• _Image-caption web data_
○ ○ ○
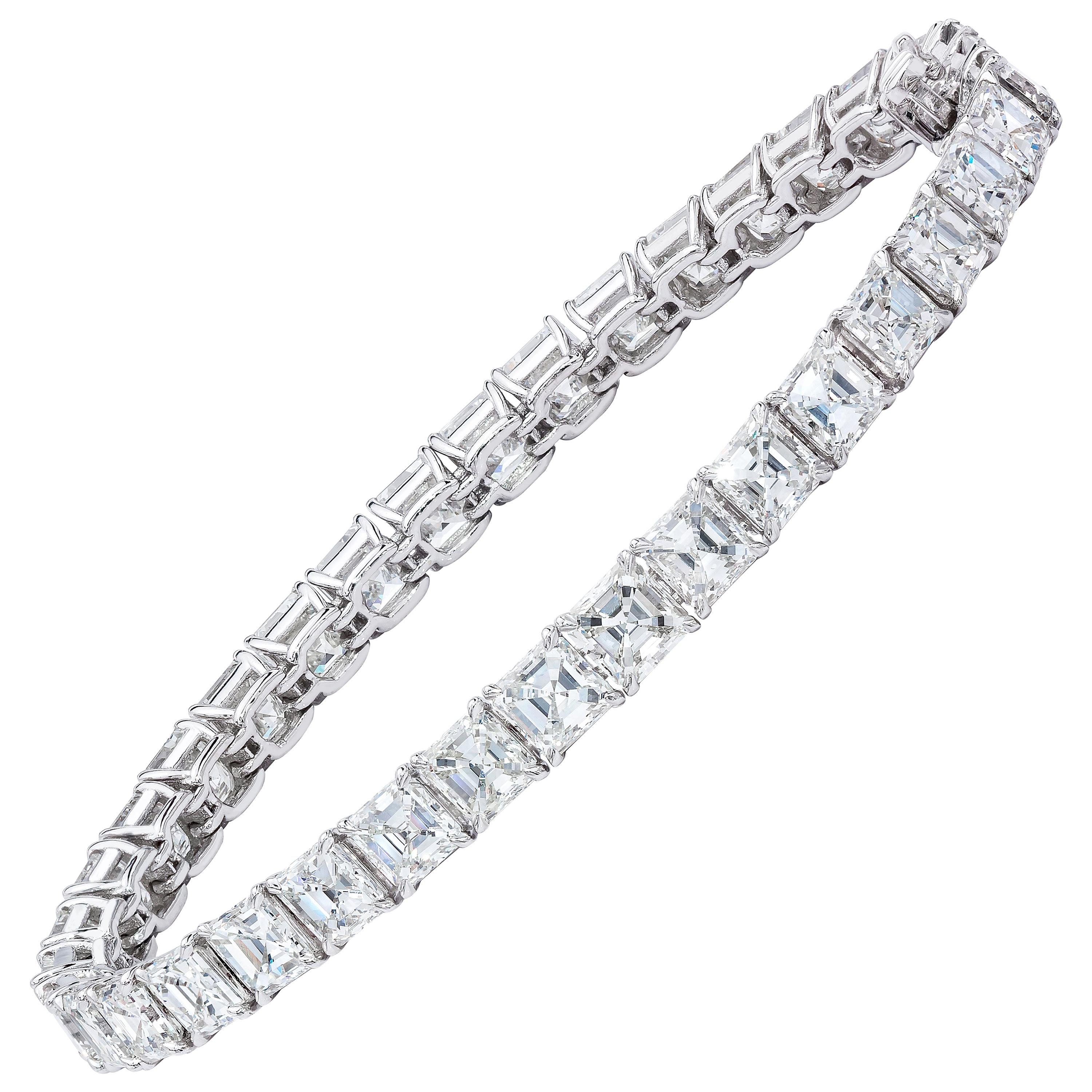 16.22 Carat Asscher Cut Diamond Tennis Bracelet For Sale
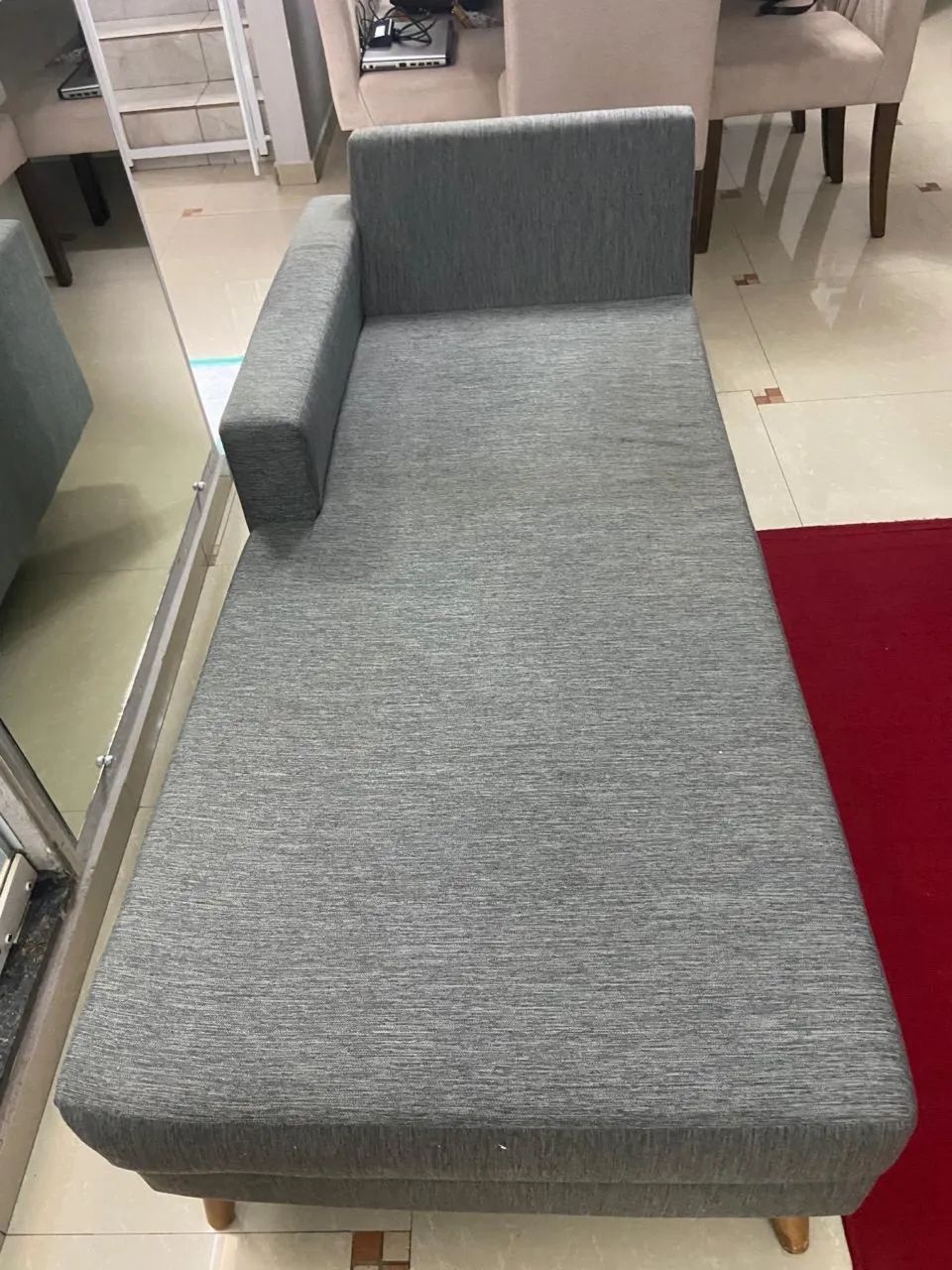 Sofá cinza 3 lugares com Chaise - Foto 5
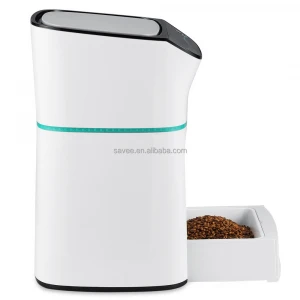2021 Inventory newest dog pet cat food and water dispenser remote pet feeder automatic pet feeder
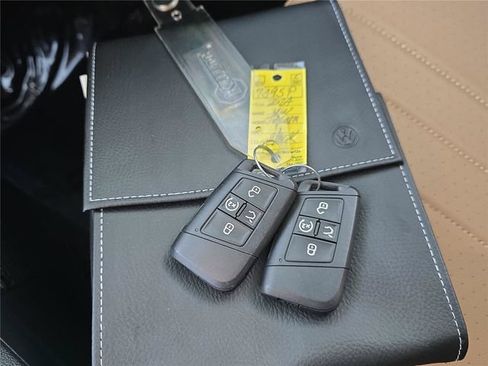 Used 2024 Volkswagen Tiguan SE FWD image 24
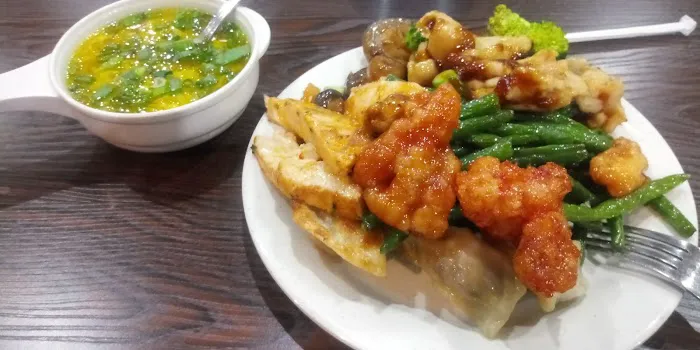 Flaming Grill Buffet 10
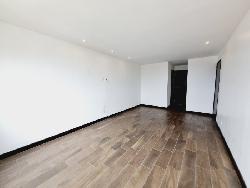 Apartamento en Renta en zona 10 a una cuadra Diagonal 6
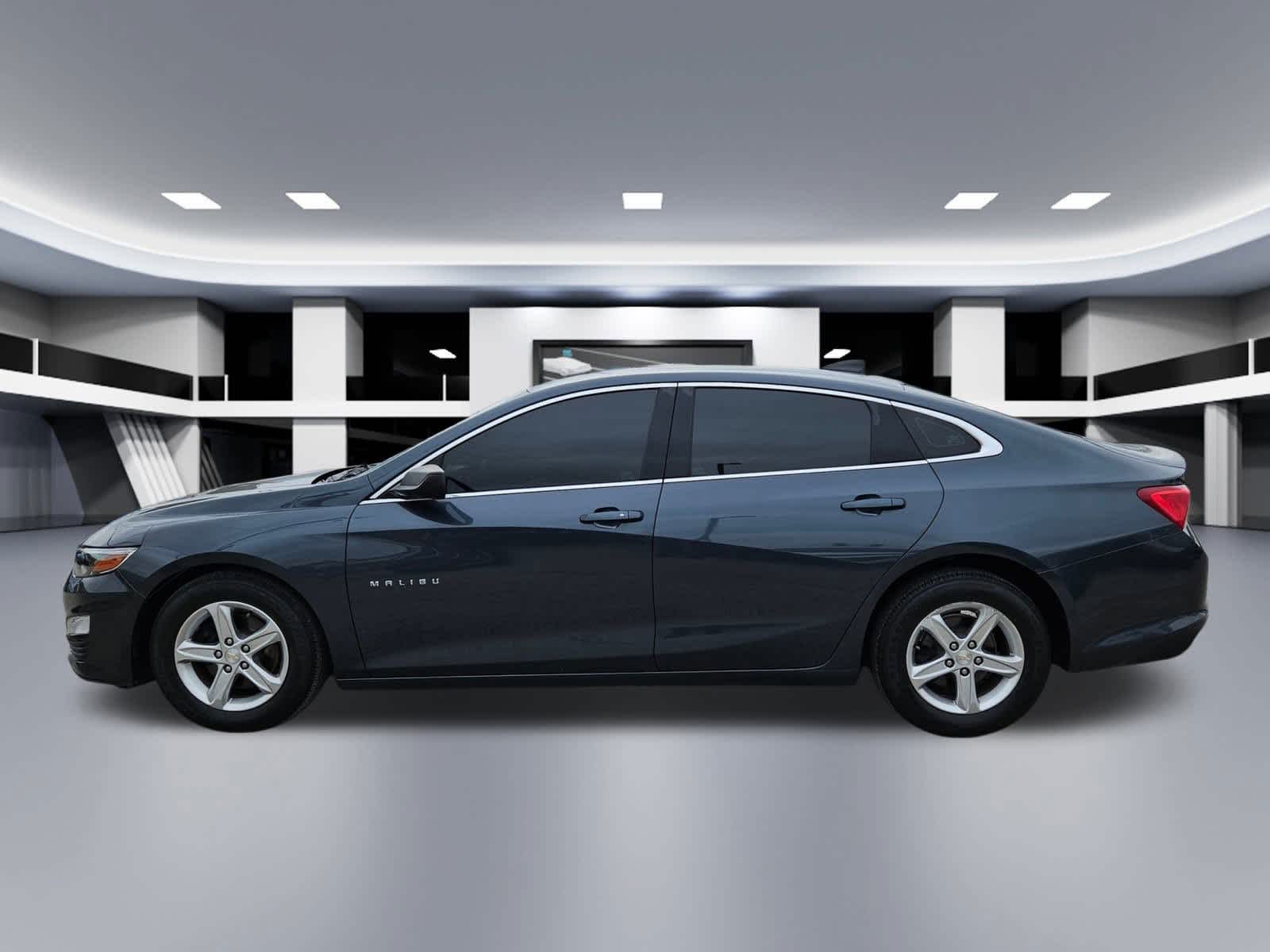 Thumbnail: 2020 Chevrolet Malibu - 3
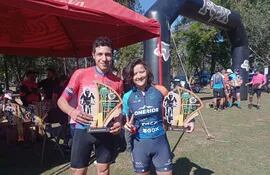Los reyes del ciclismo Esteban Portillo y Silvia Rodas en San José de los Arroyos.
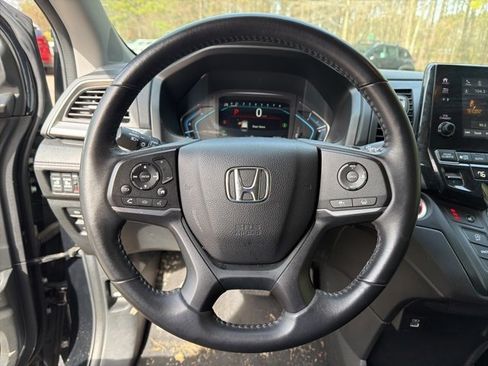Used 2024 Honda Odyssey EX-L image 13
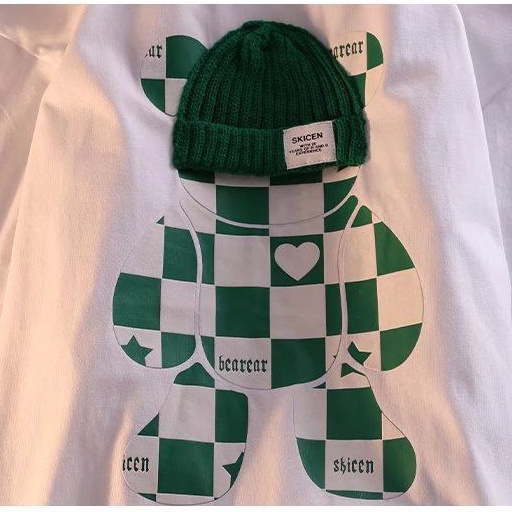 [littlecrab] Kaos Oversize Bearbrlck Topi Rajut Asli Tshirt Square Motif Catur Two Tone Skicen Bearear T-shirt Unik Lucu Berkualitas With A Real Knit Beanie Hat Street Style Love Bear Beruang Lucu Korean Style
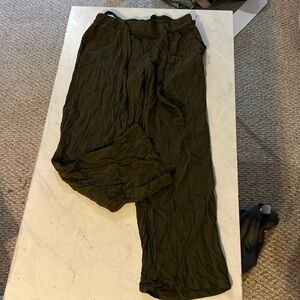 Old Navy | Army Green | Linen Pants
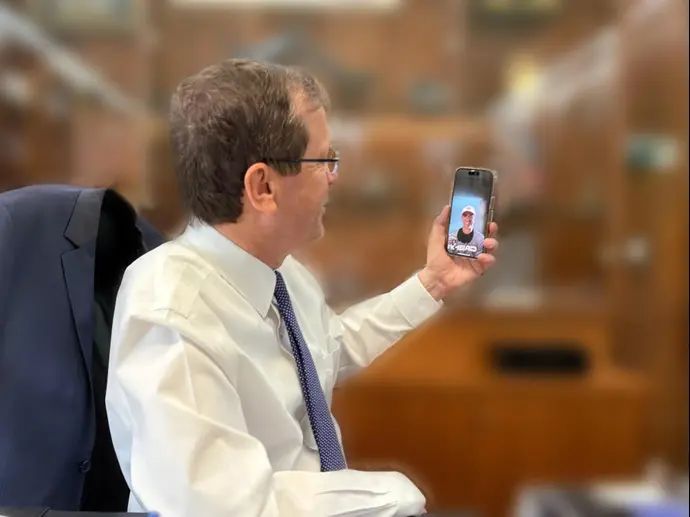 נשיא המדינה חיים הרצוג שוחח עם גיא ששון לאחר זכייתו ברולאן גארוס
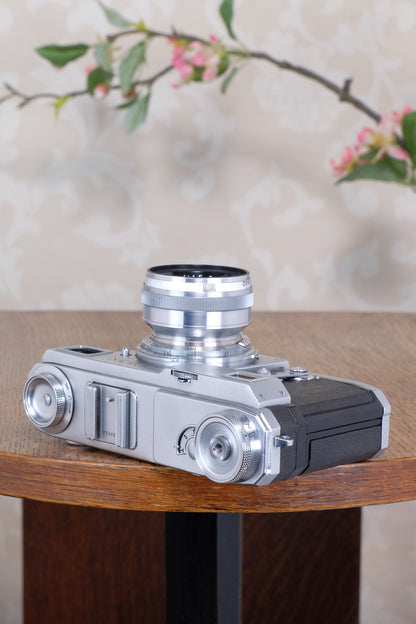 Near Mint! WWII 1939 Zeiss Ikon Contax II with “T” coated f1.5/50 Sonnar lens, CLA'd, Freshly Serviced!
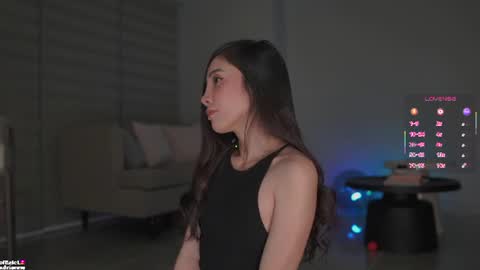 Belle Adrienne  IG  online show from 08/06/26, 10:50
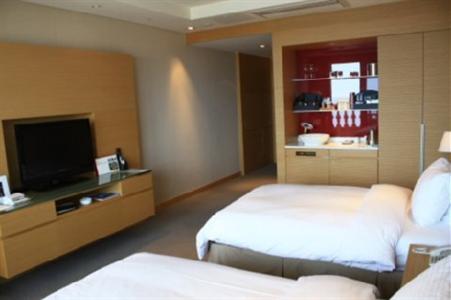 фото отеля Daemyung Sol Beach Lahotel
○ ○ ○
• _WORK TO COMPLETE_
Return each record exactly as given, excluding any image.

• _TASK SOLUTION_
 16.22 Carat Asscher Cut Diamond Tennis Bracelet For Sale
 Sofá cinza 3 lugares com Chaise - Foto 5
2021 Inventory newest dog pet cat food and water dispenser remote pet feeder automatic pet feeder
 Used 2024 Volkswagen Tiguan SE FWD image 24
 Flaming Grill Buffet 10
 Apartamento en Renta en zona 10 a una cuadra Diagonal 6
 Thumbnail: 2020 Chevrolet Malibu - 3
Los reyes del ciclismo Esteban Portillo y Silvia Rodas en San José de los Arroyos.
Used 2024 Honda Odyssey EX-L image 13
 [littlecrab] Kaos Oversize Bearbrlck Topi Rajut Asli Tshirt Square Motif Catur Two Tone Skicen Bearear T-shirt Unik Lucu Berkualitas With A Real Knit Beanie Hat Street Style Love Bear Beruang Lucu Korean Style
 Old Navy | Army Green | Linen Pants
 נשיא המדינה חיים הרצוג שוחח עם גיא ששון לאחר זכייתו ברולאן גארוס
 Near Mint! WWII 1939 Zeiss Ikon Contax II with “T” coated f1.5/50 Sonnar lens, CLA'd, Freshly Serviced!
 Belle Adrienne  IG  online show from 08/06/26, 10:50
 фото отеля Daemyung Sol Beach Lahotel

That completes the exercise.